Since we're not traveling this vacation, we decided to sample the offerings at Izakaya Gaku. We normally just dine at Mitch's Sushi and Seafood partly because of their great fresh seafood, partly because it's BYOB and daiginjo sake can get quite pricey with restaurant wine lists. But the menu looked great (including the Yelp photos) and we met a gentlemen who immediately stated that Izakaya Gaku was THE BEST restaurant without any hesitation so Izakayu Gaku it was!
I ordered a bottle of the Dassai 39 Otter Festival ($82) which paired nicely with most of our dishes...
We were then served Gaku's Original Tofu Jelly with shoyu dashi jelly, one with uni...
The other with ikura - because you got ikura with every bite, we preferred this version...
Next up was the Spicy Negihamachi Tartar - quite a large serving with a zing from their "secret" spicy sauce and richness from the egg yolk - you wrapped it in very crisp nori...
Then the assorted sashimi platter with amaebi, kampachi, maguro, seared ono, goldeneye, red bigeye, tako and raw tako, saba and o-toro...

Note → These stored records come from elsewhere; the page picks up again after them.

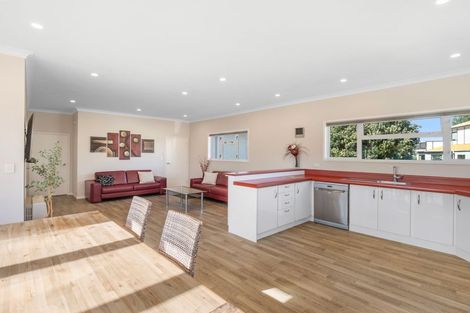 Photo of property in 4 Iwiroa Terrace, Durie Hill, Whanganui, 4500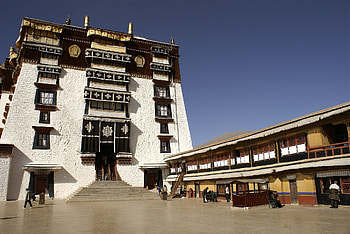 Potala Palace, Land of snows, Majestic architecture, Sacred site HD wallpaper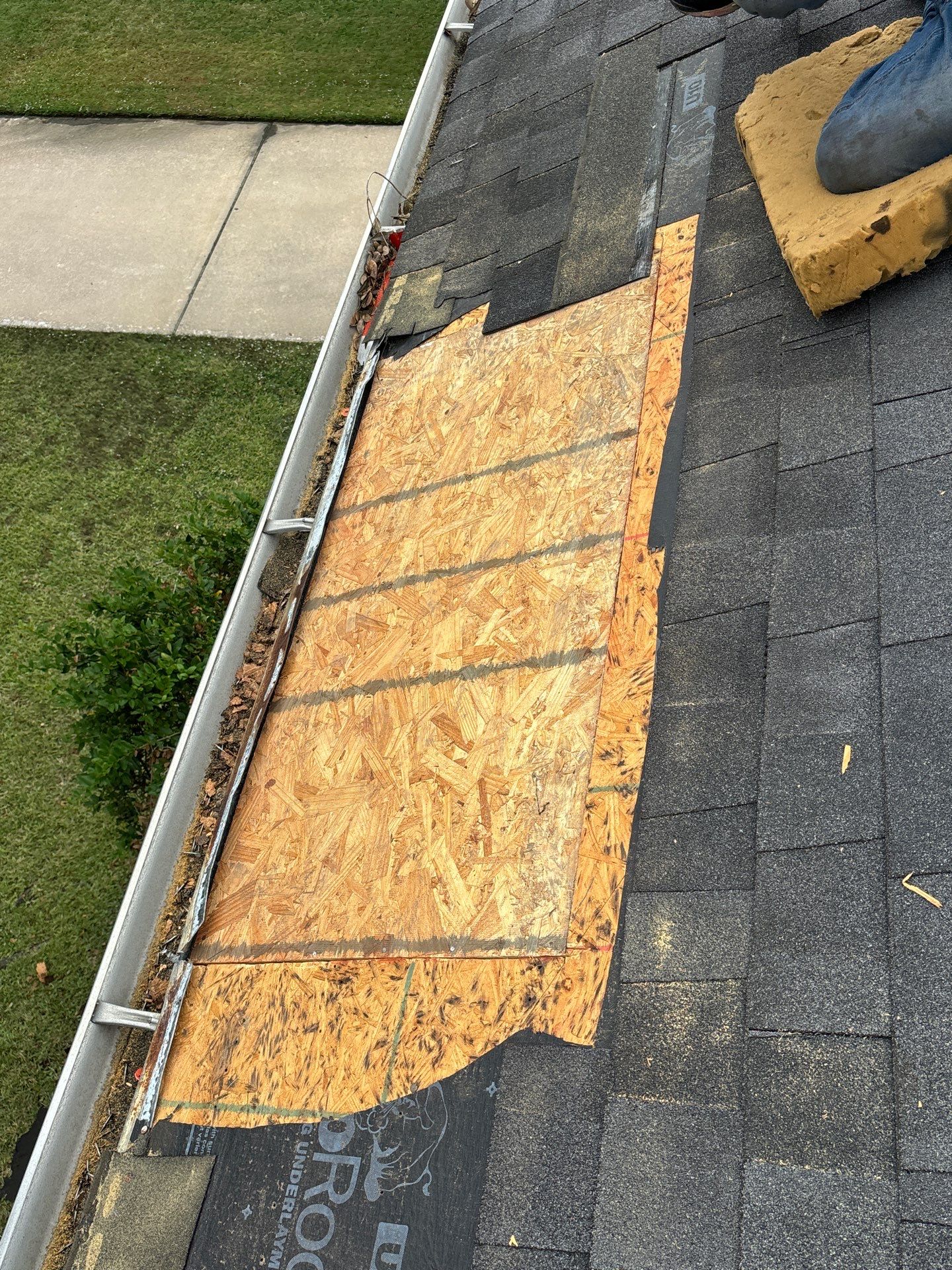 Residential Roofing Repair using Owen's Corning Duration (Lifetime) Shingles by Roof Repair Company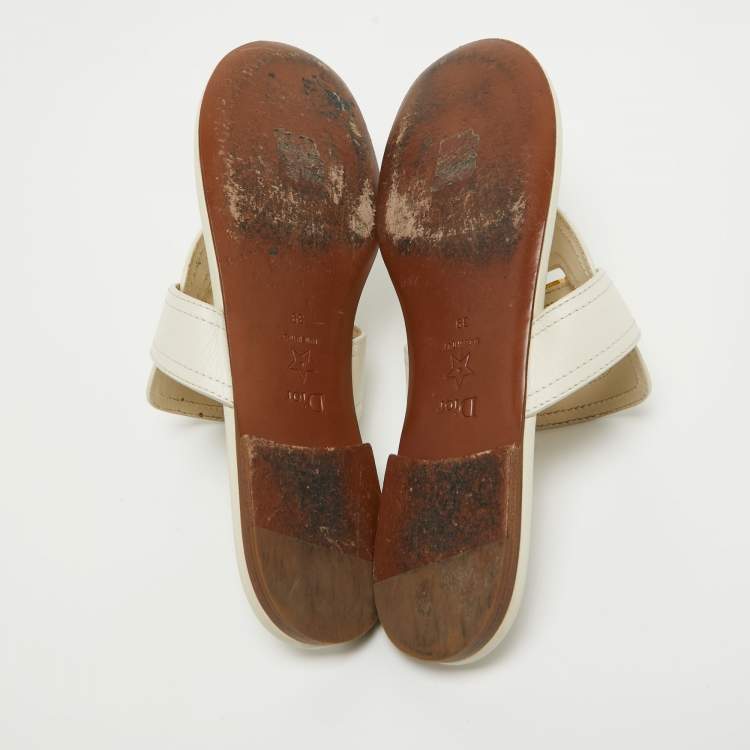 Pre Owned Christian Dior Off White Leather 30 Montaigne Thong Flats Size 39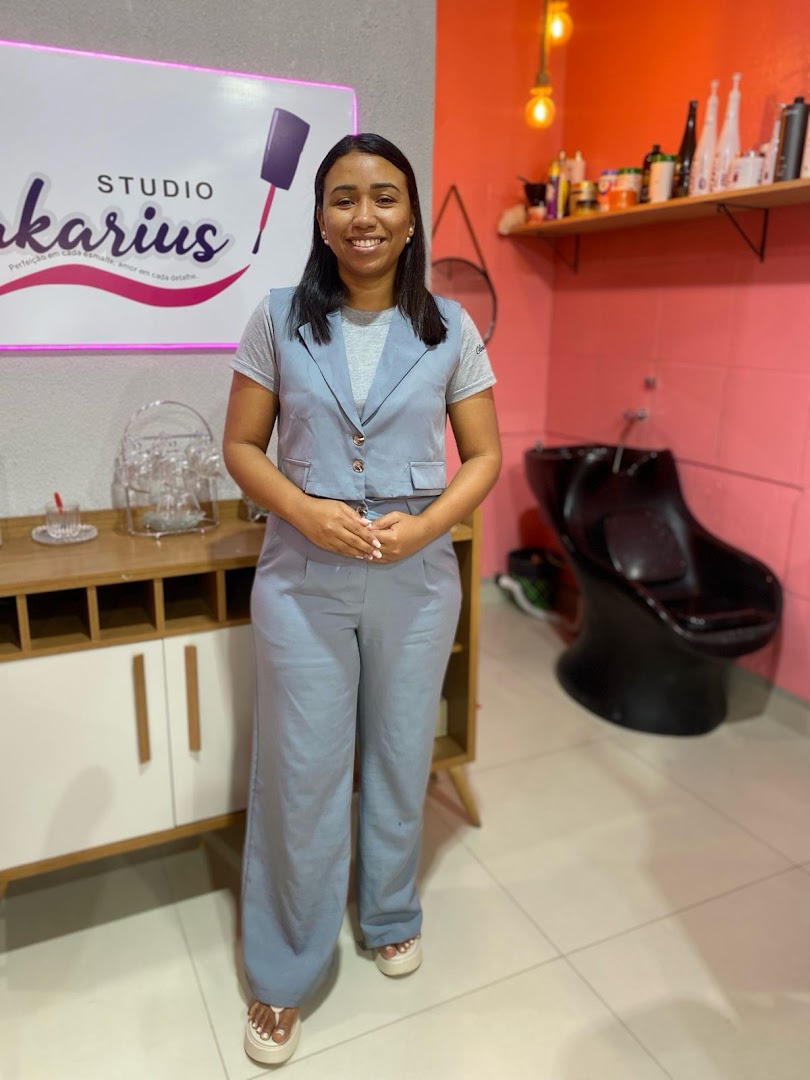 Profissional do Studio Makarius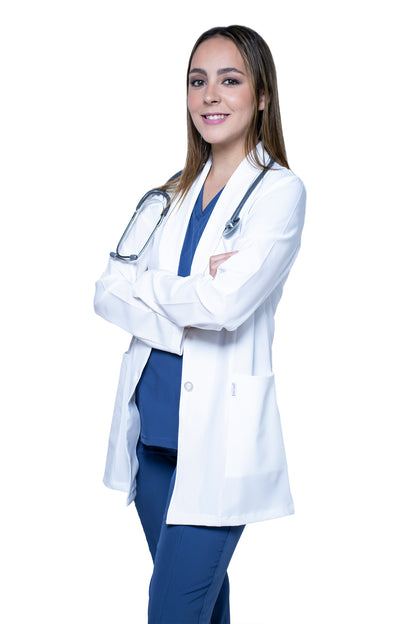 KIT Estudiantes - Bata Doble Stretch Repelente a Fluidos y Conjunto Quirúrgico Repelente con Pant Recto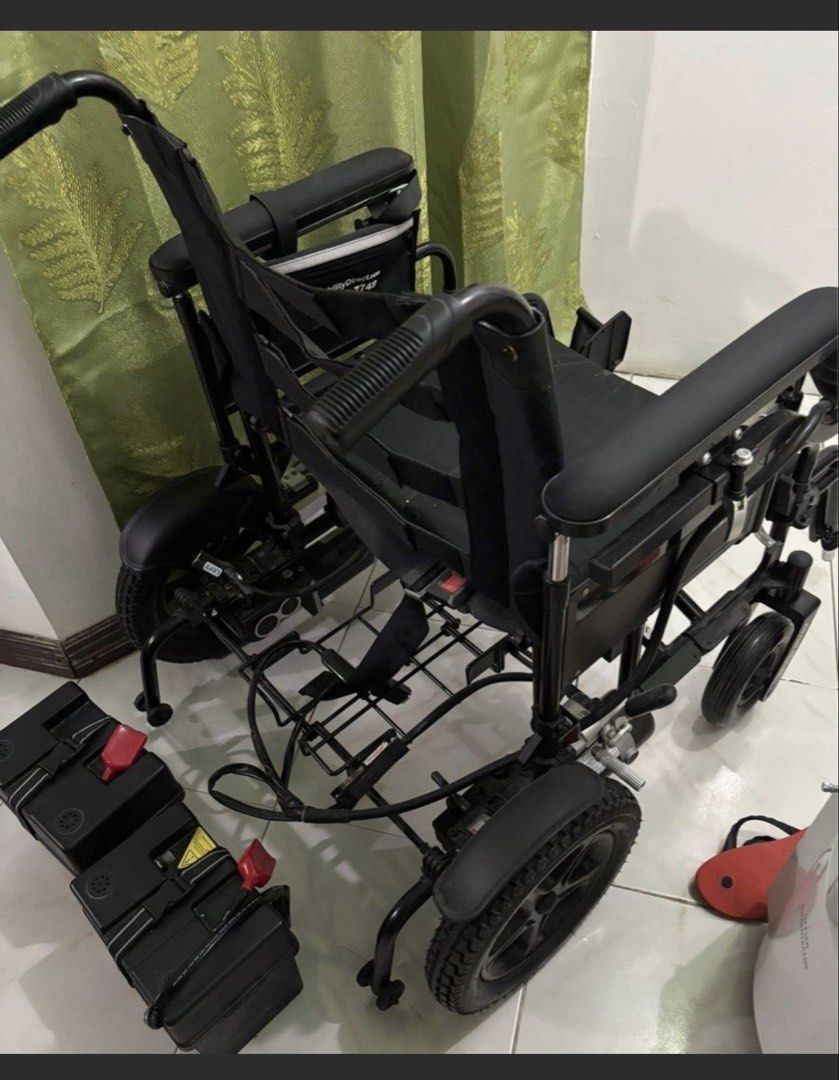 Electric Wheelchair (Category: Wheelchairs) located in Pasay City. Submitted by missdior_17 (Listing ID 1468346029, Image 2). Description: Drive 22i Cirrus Plus EC Folding Power Chair Used Once lang. We bought it for $4000. Selling low na. 2 extra batteries included worth $100 each. Description: Foldable, lightweight frame makes portability and transportation easy and convenient. Integrated, programmable PG controller. Adjustable height flip back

The glorious o-toro by itself...
Then one of my faves of the evening, Wagyu Beef Tataki on thinly sliced sweet onions... beef flavored buttah! I enjoyed it so much we purchased a tray of sliced A5 wagyu from J-Shop the next day to relive this dish!
Next up was the Fried Pumpkin Wonton with Crab Sauce - perfectly fried kabocha with a sweet and savory sauce, almost a glaze...
Then the final cooked dish, the Ginger Shoyu Grilled Pork Belly. It wasn't melt-in-the-mouth tender like rafute but the ginger nicely balanced the saltiness of the shoyu and richness of the pork belly...
Then 9 pieces of nigiri sushi including maguro...
Sanma...
Hirame...
Hamachi... probably the best hamachi I've ever sampled like fish flavored buttah!
Ikura marinated in their dashi... Another fave!
Red bigeye...
Uni...
Snapper...
And finally, o-toro...
This ended the formal savory courses for the Omakase menu though the Mrs did ask for a final piece, the Tamago. You see, in most sushi restaurants though tamago seems trivial, most apprentice sushi chefs aren't allowed to even touch the seafood until they've mastered the tamago and there are diners that judge a restaurant by its tamago. If the tamago isn't up to par, the diner won't order additional pieces of sushi and simply cash out and leave. The tamago here was perfectly cooked right between omelet and custard and had the perfect balance of sweet and salty...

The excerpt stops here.